● Work required:
Below are records with pictures. Reproduce exactly the lines from the line with "Product Image 6" to the line with "ทิชชู่ ทิชชู่เปียกเอนกประสงค์ Baby", inclusive, and leave each picture out.
Data shown: Begin
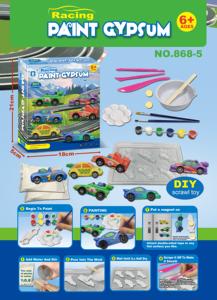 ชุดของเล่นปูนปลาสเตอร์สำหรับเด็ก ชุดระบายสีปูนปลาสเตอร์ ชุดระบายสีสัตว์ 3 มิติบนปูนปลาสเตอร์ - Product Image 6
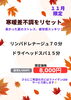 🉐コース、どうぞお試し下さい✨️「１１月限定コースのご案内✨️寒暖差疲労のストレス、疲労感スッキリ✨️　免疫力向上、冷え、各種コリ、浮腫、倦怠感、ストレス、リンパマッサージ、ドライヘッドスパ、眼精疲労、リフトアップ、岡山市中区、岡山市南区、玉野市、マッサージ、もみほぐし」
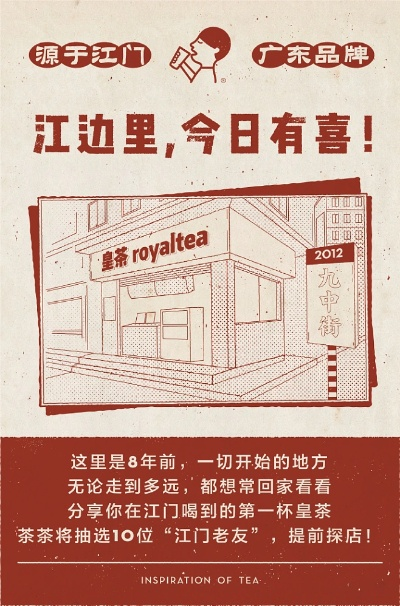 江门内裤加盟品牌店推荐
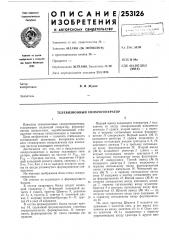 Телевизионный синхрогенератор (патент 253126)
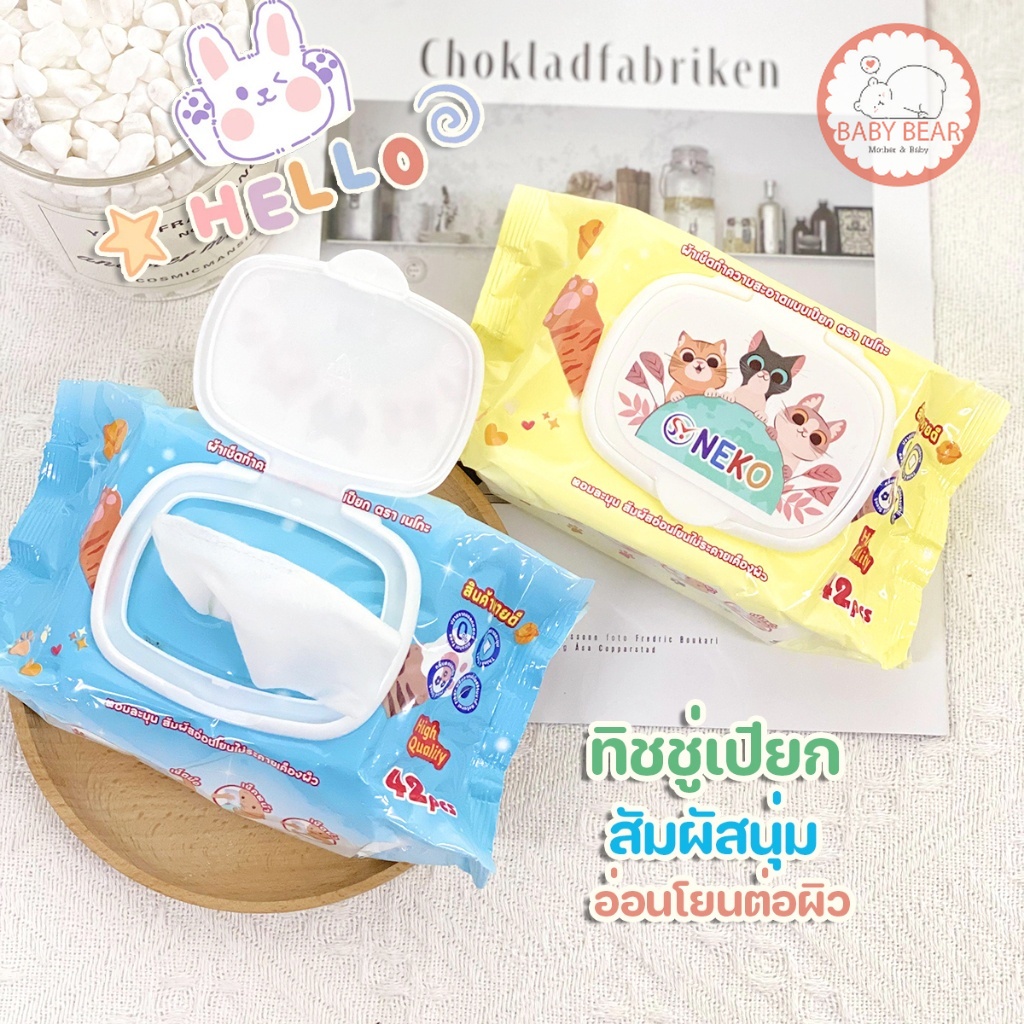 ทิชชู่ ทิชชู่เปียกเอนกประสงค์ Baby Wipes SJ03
Data shown: End
Data shown: Begin
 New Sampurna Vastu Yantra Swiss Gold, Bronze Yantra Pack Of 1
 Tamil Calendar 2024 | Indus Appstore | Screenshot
Data shown: End
● Finished exercise:
 ชุดของเล่นปูนปลาสเตอร์สำหรับเด็ก ชุดระบายสีปูนปลาสเตอร์ ชุดระบายสีสัตว์ 3 มิติบนปูนปลาสเตอร์ - Product Image 6
 🉐コース、どうぞお試し下さい✨️「１１月限定コースのご案内✨️寒暖差疲労のストレス、疲労感スッキリ✨️　免疫力向上、冷え、各種コリ、浮腫、倦怠感、ストレス、リンパマッサージ、ドライヘッドスパ、眼精疲労、リフトアップ、岡山市中区、岡山市南区、玉野市、マッサージ、もみほぐし」
 江门内裤加盟品牌店推荐
 Телевизионный синхрогенератор (патент 253126)
 ทิชชู่ ทิชชู่เปียกเอนกประสงค์ Baby Wipes SJ03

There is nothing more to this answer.